While both offer advantages, the choice depends on the nature of the invention, business strategy, and long-term goals. In the Philippines, the Intellectual Property Code (IPC) governs these rights, further providing guidelines for proper IP protection for your brand.
As such, this article will help you understand the basics of patents and trade secrets, their key differences, and which protection method best suits your business.
What is a Patent?
A patent is granted to provide rights and protection to the inventor after an invention is disclosed to the public. It also seeks to restrain and prevent unauthorized persons from unjustly profiting from a protected invention.1
To obtain a patent, an invention must meet three key criteria:
- Novelty – An invention shall not be considered new if it forms part of a prior art (Section 23, Chapter II, Part II, IP Code)

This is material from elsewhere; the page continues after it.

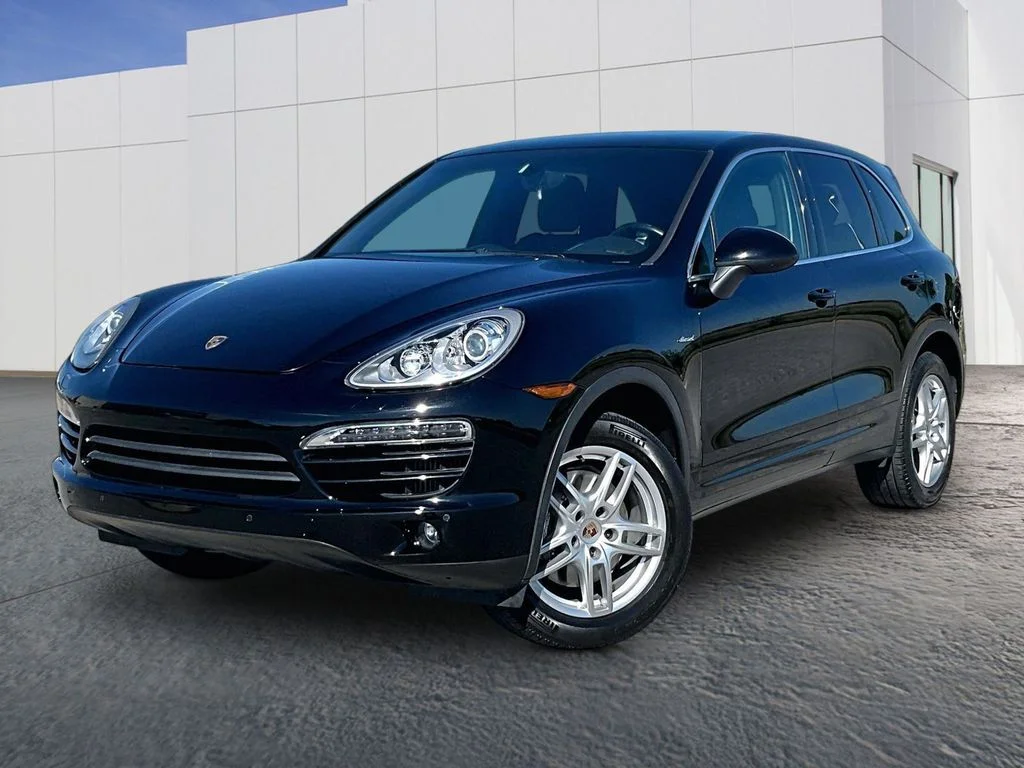 2013 Porsche Cayenne Diesel's photo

- Inventive Step – An invention involves an inventive step if, having regard to prior art, it is not obvious to a person skilled in the art at the time of the filing date or priority date of the application claiming the invention. (Section 26, Chapter II, Part II, IP Code)
- Industrial Applicability – An invention that can be produced and used in any industry shall be industrially applicable. (Section 27, Chapter II, Part II, IP Code)
Patents grant the owner the exclusive right to use, license, or sell the invention for 20 years from the filing date.2 However, patents require full disclosure of the invention, meaning competitors can access detailed information once the patent expires.
What is a Trade Secret?
In Air Philippines Corporation v. Penswell, Inc., the Court emphasized that a trade secret is defined as a plan or process, tool, mechanism or compound known only to its owner and those of his employees to whom it is necessary to confide it. The definition also extends to a secret formula or process not patented but known only to certain individuals using it in compounding some article of trade having a commercial value.3
Article 4(g) of the IP Code includes “protection of undisclosed information” under the term “intellectual property rights”, which includes trade secrets. Unlike patents, trade secrets are not registered with IPOPHL and do not require public disclosure.
Trade secrets can last indefinitely, provided confidentiality is maintained. This is how the Coca-Cola company protects its decades-long brand identity.
Patent vs. Trade Secret: Which Should You Choose?
Choosing between a patent and a trade secret depends on various factors, including the nature of the innovation and business goals. Here’s a comparison:
- Duration: Patents offer protection for 20 years, while trade secrets last indefinitely if kept confidential.
- Disclosure: Patents require full disclosure, while trade secrets remain confidential.
- Legal Protection: Patents provide legal enforcement, preventing others from using the invention. Trade secrets rely on contractual agreements and internal security measures.
If your brand requires confidentiality to maintain its quality and identity over time, then trade secret protection is better for you. Otherwise, having it patented is the proper recourse.
Conclusion
Understanding the differences between patents and trade secrets helps businesses make informed decisions about protecting their innovations. A patent may be the best option if your invention can be reverse-engineered or requires strong legal protection. A trade secret is preferable if confidentiality can be maintained since public disclosure would reduce competitive advantage.